**SOURCE DATA:**
▼

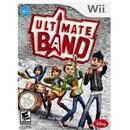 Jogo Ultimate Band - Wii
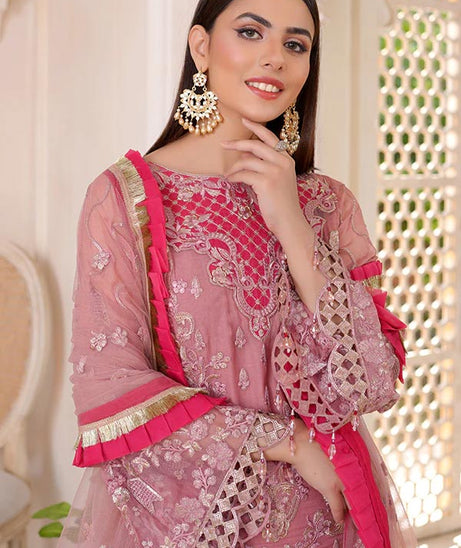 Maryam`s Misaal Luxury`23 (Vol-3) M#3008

▲
▼

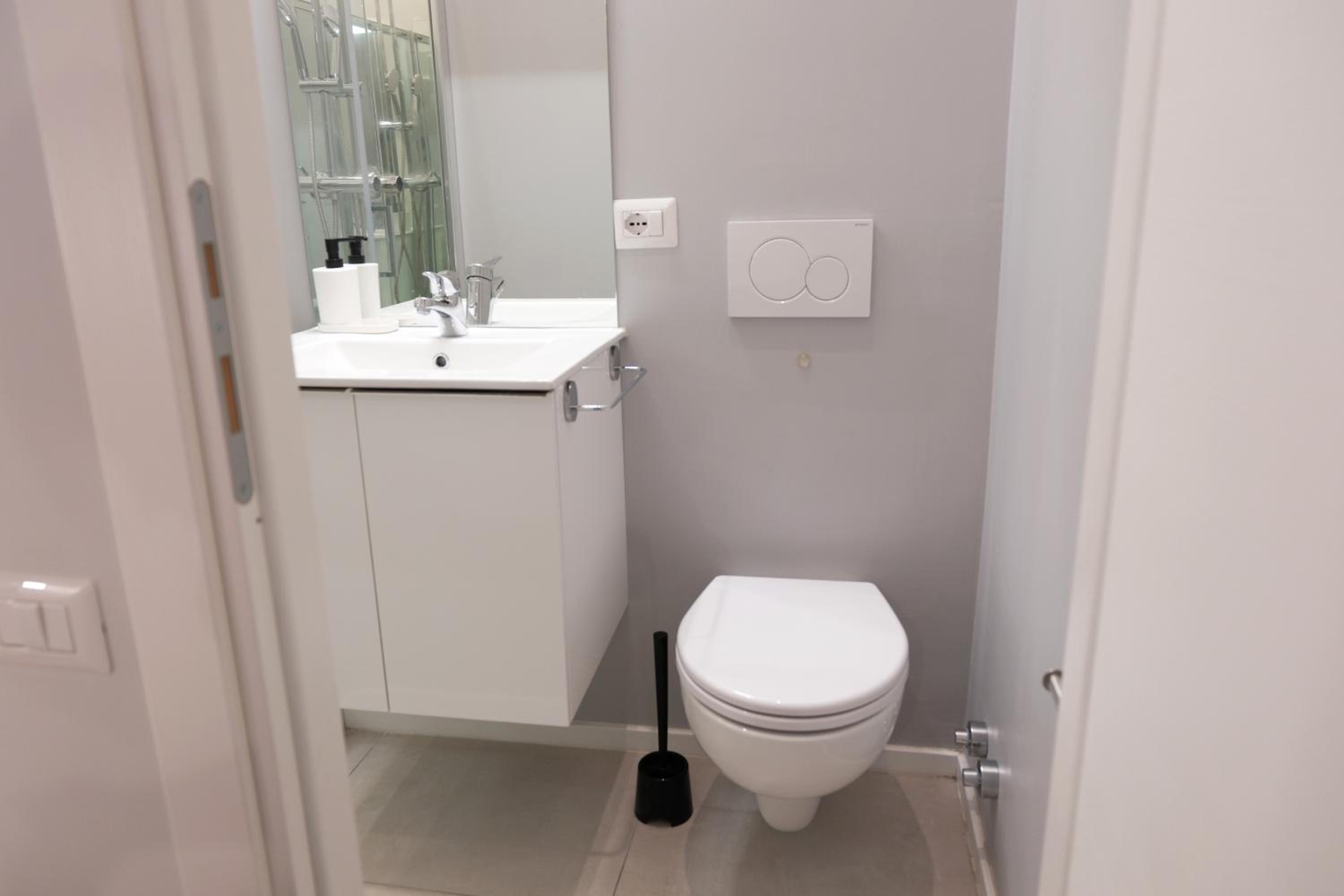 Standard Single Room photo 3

▲
▼

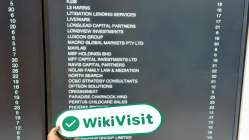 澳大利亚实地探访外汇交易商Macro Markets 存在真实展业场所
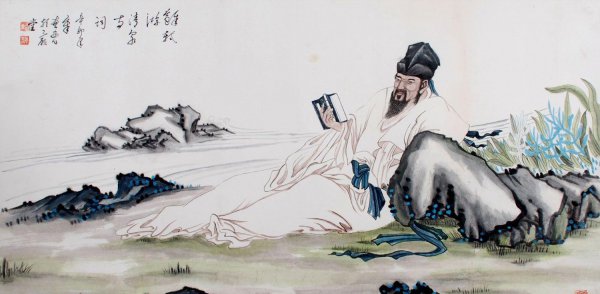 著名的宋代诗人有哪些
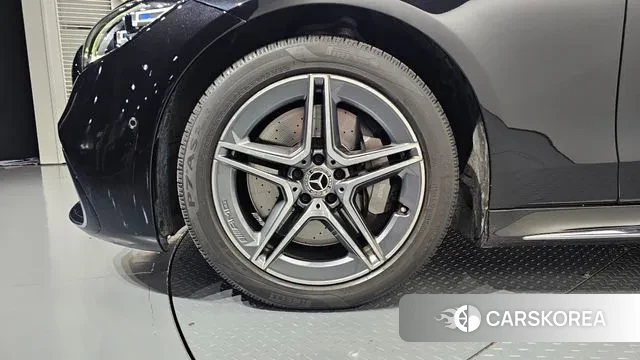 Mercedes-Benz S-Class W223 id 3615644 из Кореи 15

▲

Both boundary lines included, write out word for word only the lines above from the one containing "澳大利亚实地探访外汇交易商Macro Markets 存在真实展业场所" to the one containing "Mercedes-Benz S-Class W223", leaving out any pictures.

**THE COMPLETED TASK:**
 澳大利亚实地探访外汇交易商Macro Markets 存在真实展业场所
 著名的宋代诗人有哪些
 Mercedes-Benz S-Class W223 id 3615644 из Кореи 15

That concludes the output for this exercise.